* ASSIGNMENT
Could you repeat all of the entries below word for word, apart from the pictures?

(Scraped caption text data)
════════════════

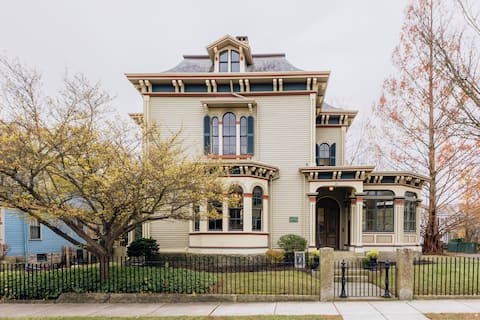 The Whalehouse - The Main House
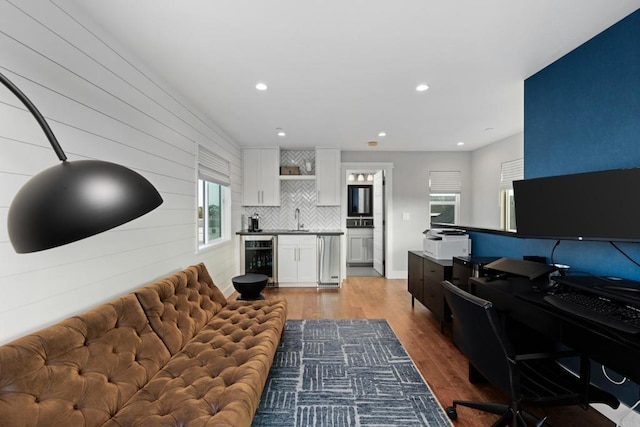 867 Wilbur Ave, San Diego, CA 92109 - living room featuring beverage cooler, light wood finished floors, a desk, and recessed lighting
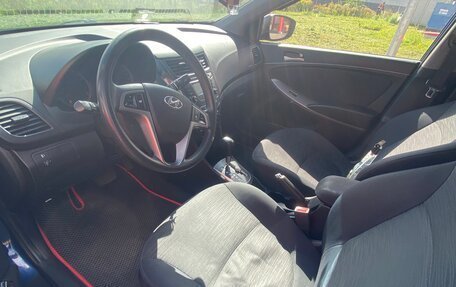 Hyundai Solaris II рестайлинг, 2015 год, 690 000 рублей, 3 фотография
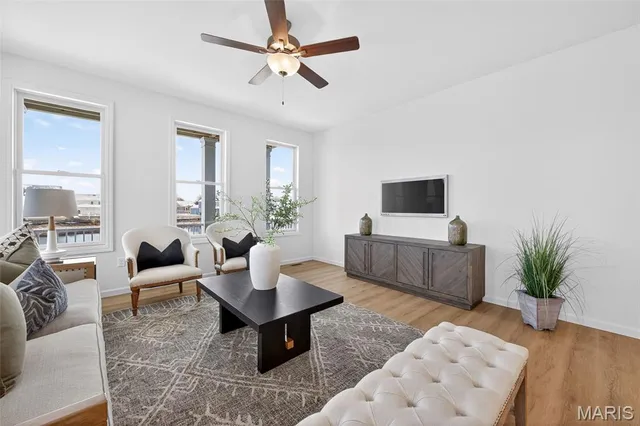 $633,965 | 210 Marais Temps Clair Drive, St. Charles, MO 63301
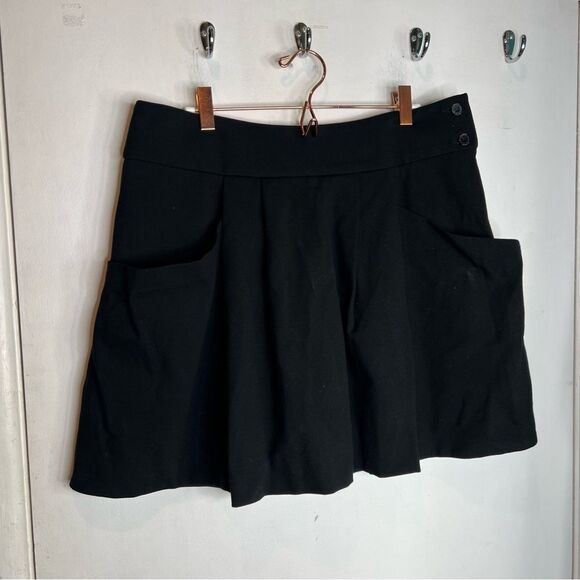 Lacoste mini skirt large pockets on sides - Picture 1 of 10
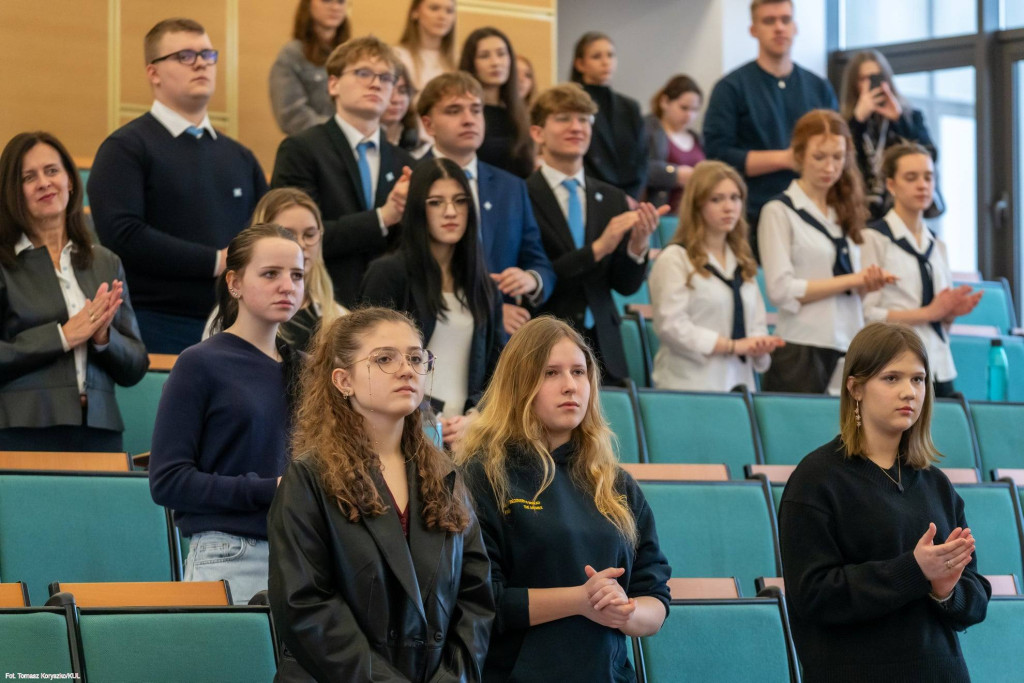 Uczniowie II LO na Akademii Prawa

════════════════

* PROBLEM SOLUTION
 The Whalehouse - The Main House
 867 Wilbur Ave, San Diego, CA 92109 - living room featuring beverage cooler, light wood finished floors, a desk, and recessed lighting
 Hyundai Solaris II рестайлинг, 2015 год, 690 000 рублей, 3 фотография
 $633,965 | 210 Marais Temps Clair Drive, St. Charles, MO 63301
 Lacoste mini skirt large pockets on sides - Picture 1 of 10
 Uczniowie II LO na Akademii Prawa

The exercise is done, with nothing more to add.